One aspect of the DPAs is that these do not drop prosecution against the organisations, but merely defer prosecution for a period of time, within which the prosecution has to be satisfied that certain steps and measures are taken by the organisation to correct the issues that led to the prosecution in the first instance (Lord, 2013). In other words, DPAs may be used to create a situation in which the organisation has to make structural changes for the purpose of ensuring that the similar actions are not taken in the future by the company. DPAs are not just about imposition of corporate fines and go much beyond that and can lead to the improvement in corporate culture that led to the bribery instances. If the organisation is not able to meet the requirements of the DPAs, which may include the requirement for making such structural changes, then the prosecutor has the right to continue with the prosecution against the organisation (Lord, 2013). DPAs have been considered to be useful given the difficulties that prosecutors encounter in prosecuting companies (Lord, 2014a, p. 114).

Anti-Bribery laws

The Bribery Act 2010 was enacted to counter corruption in the UK and under this law, UK companies are required to maintain an anti-bribery approach for all its operations, within or outside the UK. The Bribery Act 2010 and its guidance came into force in 2011. There are four core offence types under the Bribery Act 2010, these being, bribing another person; taking bribes; bribing foreign public officials; and the failure of a commercial organisation to prevent bribery by someone associated with the organisation. The last of these is a unique offence which creates a strict liability for corporations, wherein companies are required to ensure that there are measures in place that can prevent people associated with them from bribing.

With the passage of the Bribery Act 2010, the OECD Anti-Bribery Convention was finally implemented by the UK, after a long period of time since the Convention was adopted by the OECD (Rose, 2012). The UK has been criticised for not implementing the provisions of the OECD Anti-Bribery Convention within a reasonable period of time and for taking more than 10 years to implement these provisions (Rose, 2012). The OECD Working Group on Bribery had also responded to this delay by the UK in implementing the OECD Anti-Bribery Convention (Rose, 2012). Therefore, the passage of Bribery Act 2010 itself is seen as a step towards bringing UK closer to the OECD standards on prosecution of bribery offence.

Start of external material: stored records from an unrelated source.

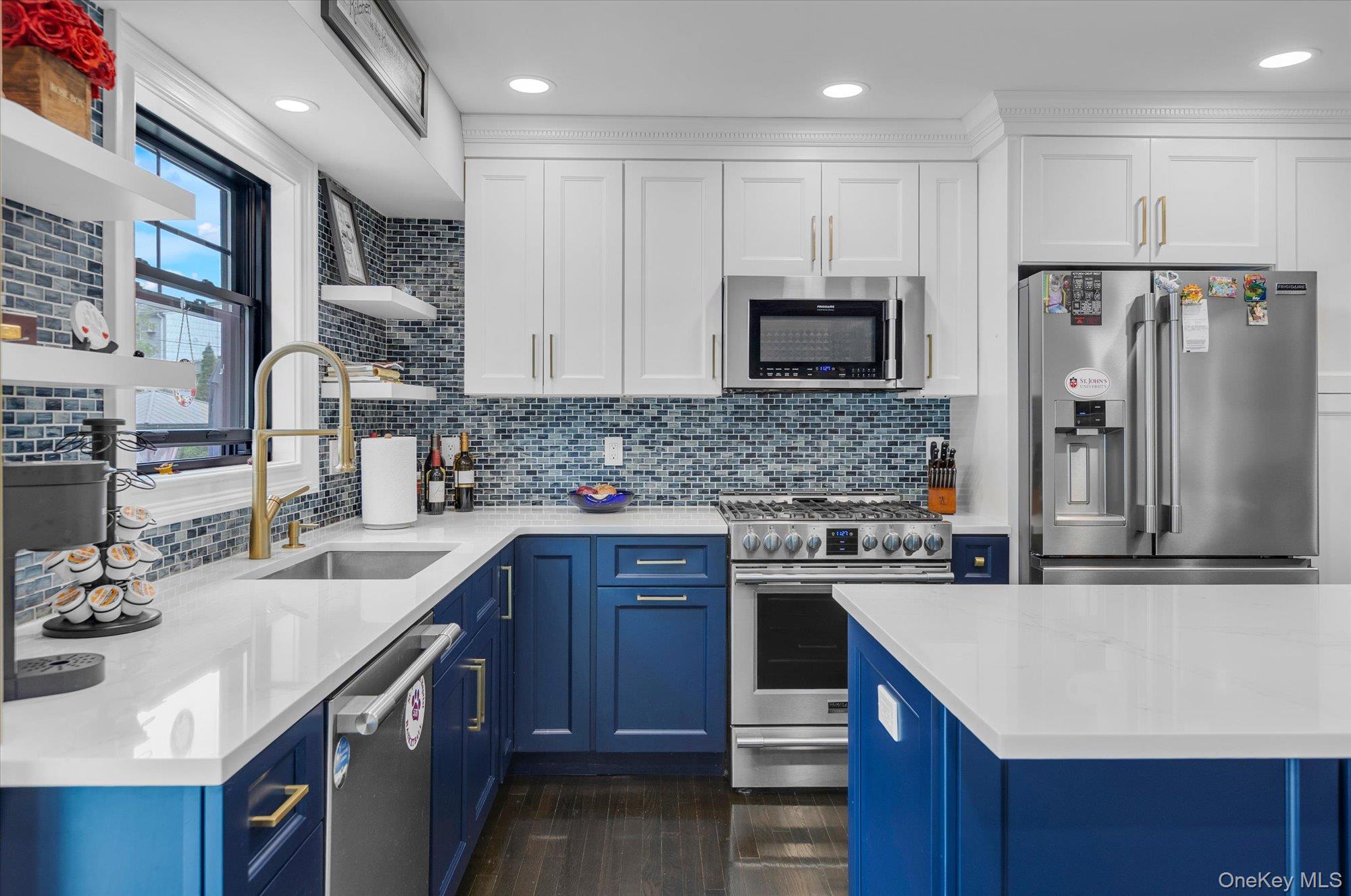 31 Apple Lane Commack, NY 11725 - Photo 7 of 28 Two tone cabinetry with stainless steel appliances and recessed lighting.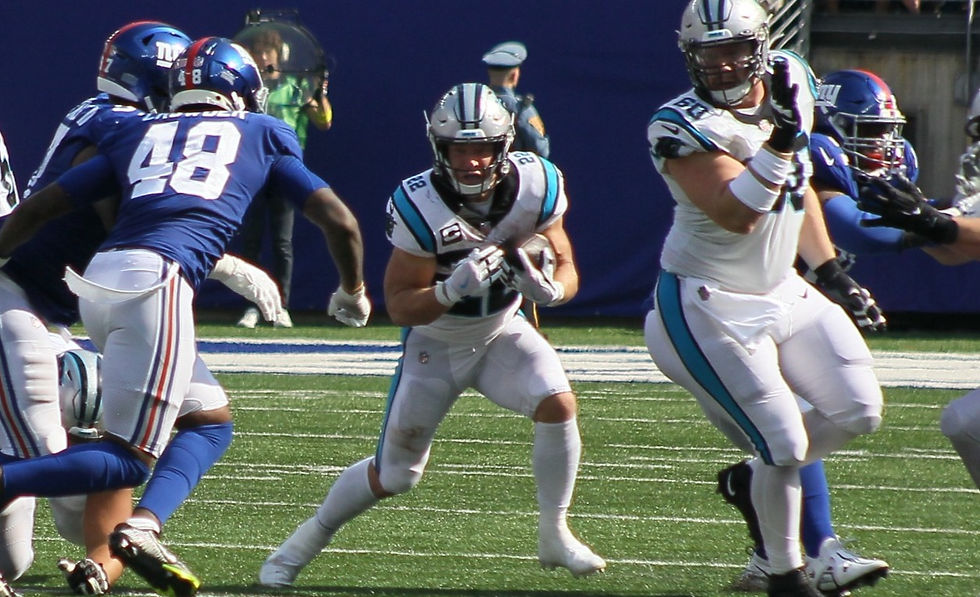 Christian McCaffrey attempts to run through the tackles during the Panthers against the new York Giants in 2022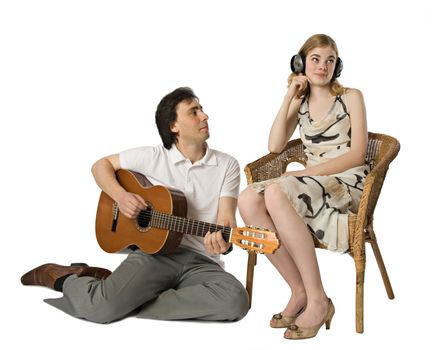 A woman in headphones and a man playing guitar for her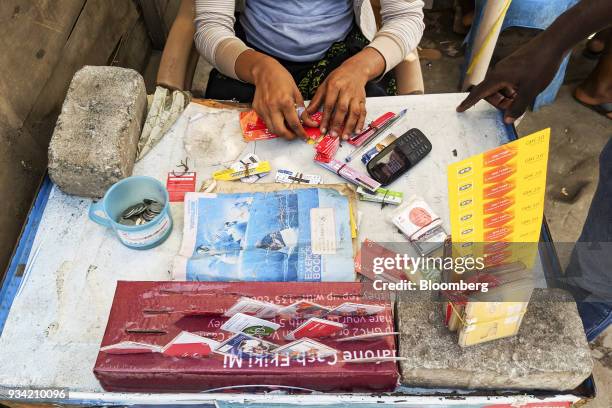 Street vendor sells pre-paid mobile phone credit scratch cards in Accra, Ghana, on Thursday, March 15, 2018. Ghana wants to shake up the way it...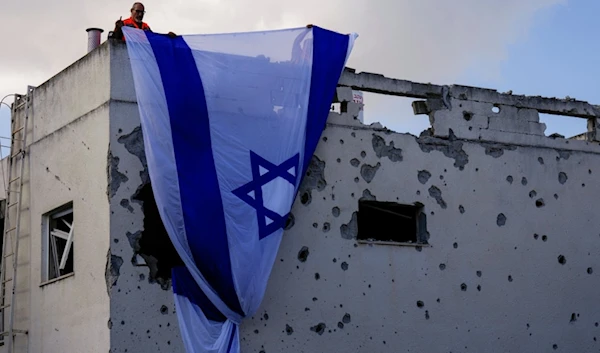 Municipality workers hang an Israeli flag over a damaged building that was hit by a rocket fired from Lebanon, in Kiryat Bialik, northern occupied Palestine, on Sunday, September 22, 2024 (AP)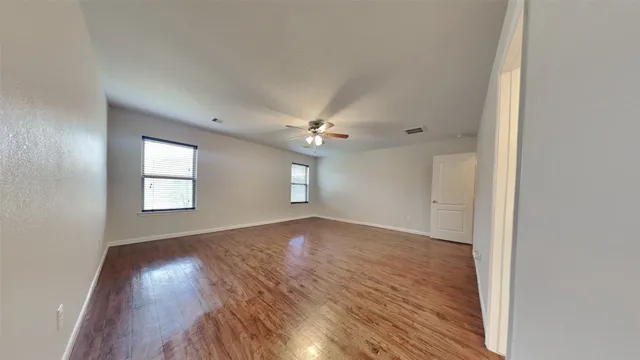 an empty room with wooden floor chandelier fan and windows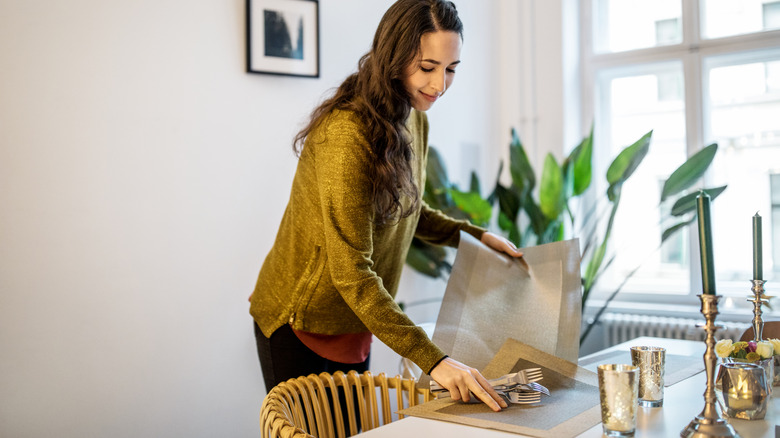Woman arranging placemats on a table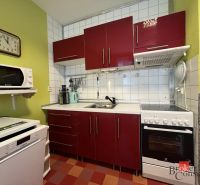 A kitchen in a studio apartment with red cabinets and white appliances.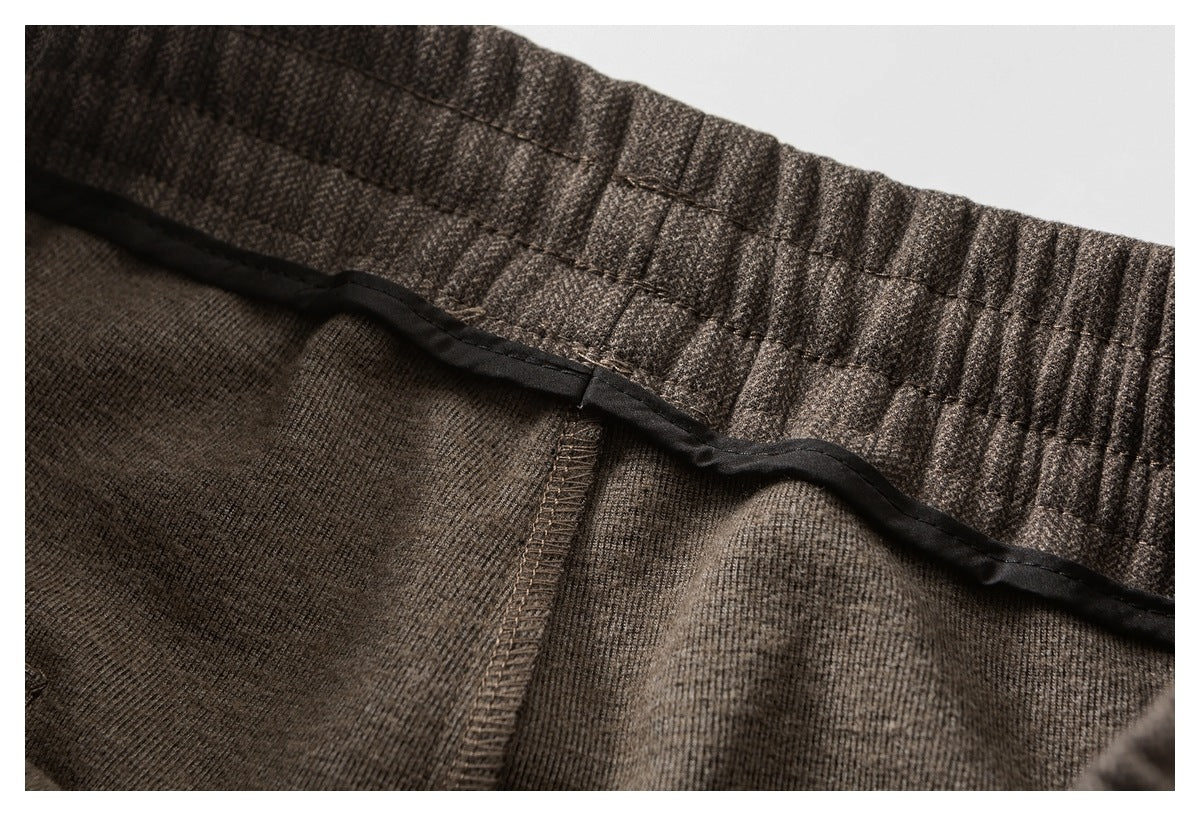 Inside close-up of dark brown trousers showing a gathered waistband, seam, and black binding.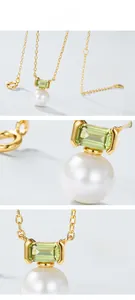 Detail view of gold-plated silver pendant with rectangle green stone and pearl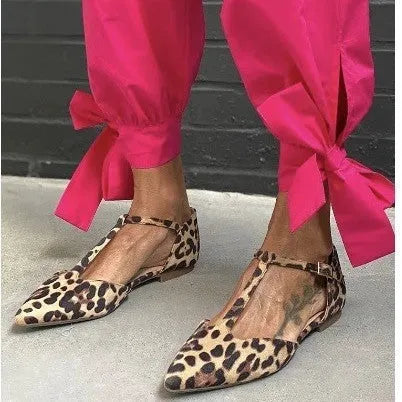 Leopard print women's pumps with pointed toe, chunky low heel, and ankle strap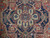 Close-up of ivory and navy stepped medallion with blue leaf motifs and rose rosette center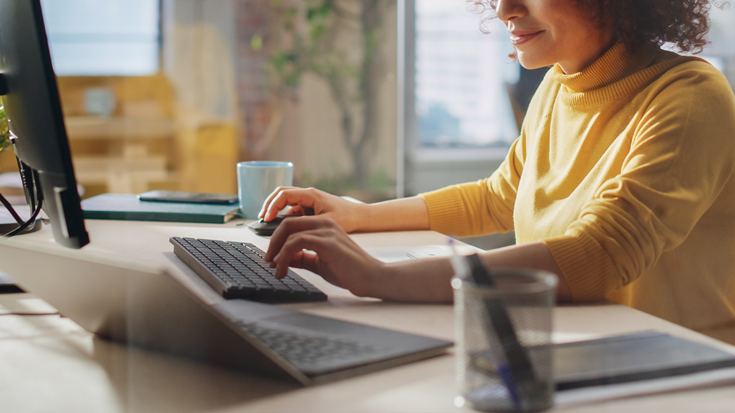 Woman checking on laptop how to safely develop your business abroad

The UK Guidance on the Bribery Act 2010 does draw on the OECD guidance on prevention of bribery of foreign public officials by corporations or persons associated with them (Rose, 2012). It will be pertinent to discuss the OECD guidance on anti-bribery, as this will provide a context to understanding the background of anti-bribery law. The OECD’s Good Practice Guidance on Internal Controls, Ethics, and Compliance is relevant for putting down the best practices for internal structures within organisations for the purpose of strengthening the anti-bribery regime within the organisations (OECD, 2010). The OECD (2010) guidance aims at improving the effectiveness of internal controls and ethics set up by the organisations for anti-corruption. Most of these internal controls work towards preventing incidents of foreign bribery or bribery of foreign public officials by persons associated with corporations involved in international business transactions (OECD, 2010). The guidance of Bribery Act 2010 is similar to OECD (2010) and

relates to measures to be taken by companies for prevention of incidents involving bribery of foreign officials by associated persons (Ministry of Justice, 2011). The Bribery Act 2010 guidance on the strict liability offence by companies, is based on the premise that while it is a punishable offence for commercial organisations for failing to prevent persons associated with them from committing bribery on their behalf; it is still possible for the organisation to defend itself against charges of bribery if adequate procedures were in place to prevent bribing (Ministry of Justice, 2011). Therefore, Section 7 of the Bribery Act 2010 makes it a punishable offence for commercial organisations for failure to prevent associated persons from committing bribery on their behalf but allows them to defend themselves by showing that adequate procedures are in place to prevent bribing (Ministry of Justice, 2011).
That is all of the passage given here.